Vaststelling eurotarieven parkeerautomaten

(24-7) Het College van B. en W. heeft de eurotarieven voor parkeren bij parkeerautomaten op straat vastgesteld. De kleinste betaaleenheid moet volgens het College ¤ 0,5 (ongeveer fl. 1,10) in plaats van fl. 1,- worden. Omdat de invoering van de Euro niet mag leiden tot een prijsverhoging, wordt het aantal minuten parkeertijd dat de consument voor een betaaleenheid krijgt naar boven afgerond.

Sinds de invoering van de harmonisatie van het parkeerbeleid (augustus 1999) hangen de parkeertarieven in Rotterdam af van de parkeerdruk (vraag naar parkeerruimte). Deze tarieven variëren dan ook per straat, dag en dagdeel. Hoe groter de vraag, hoe hoger het tarief (variërend van fl. 0 tot nu nog fl. 5,-).

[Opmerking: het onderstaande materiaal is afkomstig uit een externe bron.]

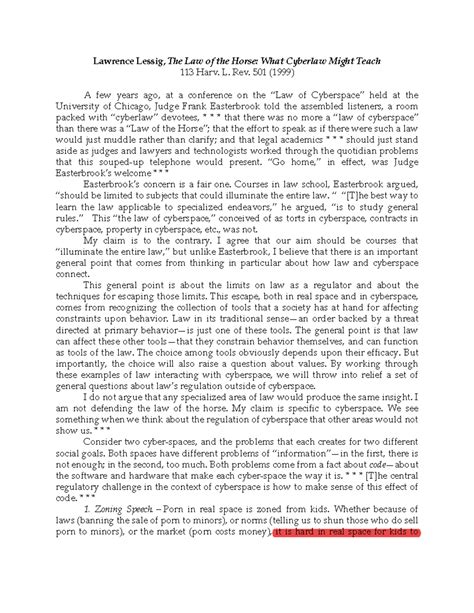 Lessig - horse - Lawrence Lessig, The Law of the Horse: What Cyberlaw ...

De keuze in 1999 om de gulden als kleinste betaaleenheid te nemen, had te maken met de vele storingen door teruggave van klein geld bij automaten. Dat zal zich bij de invoering van de EURO ook voordoen, tenzij de raad het voorstel van het College van vorig jaar overneemt om, in verband met het grote aantal vernielde parkeerautomaten, vanaf januari 2002 uitsluitend elektronisch betalen op straat toe te staan. Dan dient echter bij het parkeren de betaalkaart te worden afgewaardeerd met een veelvoud van een aftikbedrag. Is dit aftikbedrag te klein (bijv. ¤ 0,25), dan zou dit voor de klant een groot aantal handelingen betekenen.

De commissie VVSR is op 11 juli met dit voorstel akkoord gegaan. De gemeenteraad zal over de eurotarieven bij de behandeling van de parkeertarieven juli 2001 een besluit nemen.